Waterline Data Inventory automatically signs users out of the browser application after two hours (120 minutes). To change this default, edit <install location>/ jetty-distribution*/waterlinedata-base/etc/webdefault.xml and add or update the following section:

<session-config>

<session-timeout>120</session-timeout>

</session-config>

To remove any timeout, change this setting to -1.

Service user as admin

When you first install Waterline Data Inventory, you set a user account for a Waterline Data Inventory administrator. This user is pre-configured with privileges to create and configure additional Waterline Data Inventory users. If appropriate, you can use the Waterline Data service user as the superuser.

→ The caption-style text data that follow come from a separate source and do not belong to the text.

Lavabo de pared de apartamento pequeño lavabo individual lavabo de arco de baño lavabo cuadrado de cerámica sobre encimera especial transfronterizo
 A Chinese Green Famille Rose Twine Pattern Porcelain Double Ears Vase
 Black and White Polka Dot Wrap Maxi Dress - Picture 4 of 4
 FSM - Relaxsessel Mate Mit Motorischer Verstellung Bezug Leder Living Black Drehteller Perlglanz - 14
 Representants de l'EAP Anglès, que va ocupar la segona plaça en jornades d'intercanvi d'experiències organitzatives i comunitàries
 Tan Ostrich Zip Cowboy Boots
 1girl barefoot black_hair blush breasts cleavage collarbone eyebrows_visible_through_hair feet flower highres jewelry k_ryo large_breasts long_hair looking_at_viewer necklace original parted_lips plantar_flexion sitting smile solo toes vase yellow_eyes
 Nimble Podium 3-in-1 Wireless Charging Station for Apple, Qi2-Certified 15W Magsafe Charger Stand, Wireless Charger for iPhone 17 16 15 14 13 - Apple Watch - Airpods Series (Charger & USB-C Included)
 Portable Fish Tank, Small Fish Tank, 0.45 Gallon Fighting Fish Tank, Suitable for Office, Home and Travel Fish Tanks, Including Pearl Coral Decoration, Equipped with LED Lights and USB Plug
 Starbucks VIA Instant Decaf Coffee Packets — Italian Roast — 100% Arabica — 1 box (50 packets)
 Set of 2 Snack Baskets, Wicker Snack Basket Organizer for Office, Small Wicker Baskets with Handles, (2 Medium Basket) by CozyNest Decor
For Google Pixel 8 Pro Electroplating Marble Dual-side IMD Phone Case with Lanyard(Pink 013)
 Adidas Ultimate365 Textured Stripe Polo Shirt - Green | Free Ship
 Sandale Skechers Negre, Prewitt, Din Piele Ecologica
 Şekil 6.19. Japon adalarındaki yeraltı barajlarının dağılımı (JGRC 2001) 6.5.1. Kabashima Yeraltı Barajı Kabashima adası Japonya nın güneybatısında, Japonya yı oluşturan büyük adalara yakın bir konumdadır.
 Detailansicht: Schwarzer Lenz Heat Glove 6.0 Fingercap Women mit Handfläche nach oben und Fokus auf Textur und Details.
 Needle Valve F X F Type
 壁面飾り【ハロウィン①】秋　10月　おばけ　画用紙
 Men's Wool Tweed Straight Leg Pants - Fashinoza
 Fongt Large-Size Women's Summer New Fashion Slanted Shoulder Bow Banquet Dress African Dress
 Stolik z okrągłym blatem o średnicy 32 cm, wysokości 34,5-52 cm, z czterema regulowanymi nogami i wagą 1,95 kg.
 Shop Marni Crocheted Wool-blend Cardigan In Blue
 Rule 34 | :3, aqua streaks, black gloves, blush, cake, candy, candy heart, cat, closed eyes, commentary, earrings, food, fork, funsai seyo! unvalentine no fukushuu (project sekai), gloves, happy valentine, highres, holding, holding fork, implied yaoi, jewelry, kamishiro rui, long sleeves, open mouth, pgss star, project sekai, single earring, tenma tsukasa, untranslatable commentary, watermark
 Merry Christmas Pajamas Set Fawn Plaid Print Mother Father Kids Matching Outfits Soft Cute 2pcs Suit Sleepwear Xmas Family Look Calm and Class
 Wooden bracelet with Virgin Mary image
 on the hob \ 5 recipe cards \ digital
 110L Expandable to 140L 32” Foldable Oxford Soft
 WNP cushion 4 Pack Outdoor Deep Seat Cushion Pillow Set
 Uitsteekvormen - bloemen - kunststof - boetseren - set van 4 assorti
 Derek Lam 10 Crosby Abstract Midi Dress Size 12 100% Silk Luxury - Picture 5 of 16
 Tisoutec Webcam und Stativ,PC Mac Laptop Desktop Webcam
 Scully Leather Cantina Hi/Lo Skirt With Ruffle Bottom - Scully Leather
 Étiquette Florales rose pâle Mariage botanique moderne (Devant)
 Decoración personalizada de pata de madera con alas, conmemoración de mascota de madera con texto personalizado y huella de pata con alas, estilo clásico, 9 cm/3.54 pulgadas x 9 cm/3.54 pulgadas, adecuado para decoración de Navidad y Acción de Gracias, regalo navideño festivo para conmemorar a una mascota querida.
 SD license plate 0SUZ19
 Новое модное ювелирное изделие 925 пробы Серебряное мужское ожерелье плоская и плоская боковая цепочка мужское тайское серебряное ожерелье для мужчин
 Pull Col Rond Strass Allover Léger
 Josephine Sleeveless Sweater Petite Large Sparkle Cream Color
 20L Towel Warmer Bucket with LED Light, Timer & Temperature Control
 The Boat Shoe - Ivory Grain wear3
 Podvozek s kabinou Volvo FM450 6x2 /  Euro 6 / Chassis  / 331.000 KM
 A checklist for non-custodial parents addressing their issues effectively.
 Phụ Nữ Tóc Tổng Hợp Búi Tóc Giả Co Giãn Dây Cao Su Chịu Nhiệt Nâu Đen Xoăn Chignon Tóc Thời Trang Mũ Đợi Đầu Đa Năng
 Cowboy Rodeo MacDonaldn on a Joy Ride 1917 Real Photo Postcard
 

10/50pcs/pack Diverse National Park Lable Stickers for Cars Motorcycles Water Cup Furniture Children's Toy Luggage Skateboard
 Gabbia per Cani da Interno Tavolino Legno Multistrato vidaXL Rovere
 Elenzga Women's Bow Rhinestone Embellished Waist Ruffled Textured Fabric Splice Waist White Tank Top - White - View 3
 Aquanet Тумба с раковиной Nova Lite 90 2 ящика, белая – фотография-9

Note that in a Kerberos-controlled environment, if you configure the Waterline Data service user as the default admin, this user would need to authenticate as a service (using a keytab) and as a user (using username and password). If that configuration is not possible in your environment, choose another username to set as the Waterline Data Inventory default admin.

To generate a keytab that keeps the principal password valid and allows both keytab-based and password-based login at the same time, assuming the Waterline Data service user is “waterlinesvc”:

$ kadmin.local

> add_principal waterlinesvc

(Prompts for password) > ktadd -k <full path to keytab file> -norandkey waterlinesvc

> quit

Here the -norandkey argument is necessary; without it the waterlinesvc user's password will be invalidated when keytab is created and the user will not be able to sign in to the Waterline Data Inventory web application.